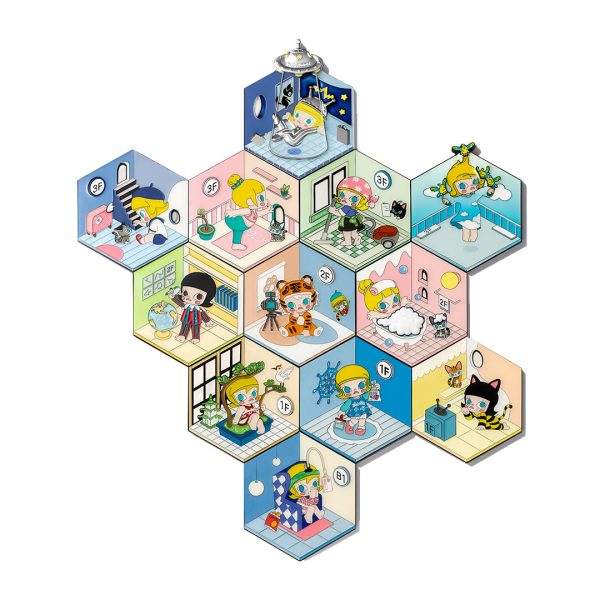 POP MART A Boring Day With Molly Fridge Magnet Blind Box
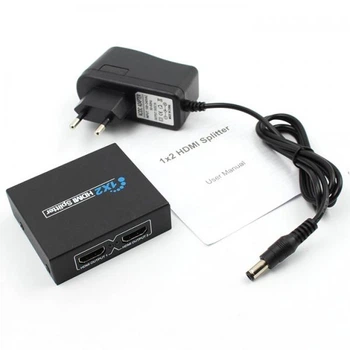 HDMI splitter 1x2 коммутатор на 2 выхода сплиттер 1080P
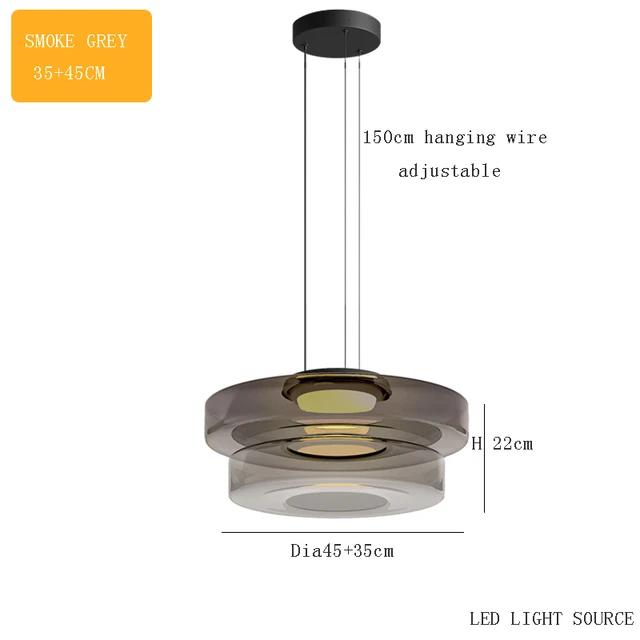 NovaGlass Moderne Pendelleuchte für Küche und Esszimmer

■ ■ ■ ■ ■ ■ ■

Task requirements — Copy all the material exactly; omit images.

Exercise answer —
 POP MART A Boring Day With Molly Fridge Magnet Blind Box
 HDMI splitter 1x2 коммутатор на 2 выхода сплиттер 1080P
 NovaGlass Moderne Pendelleuchte für Küche und Esszimmer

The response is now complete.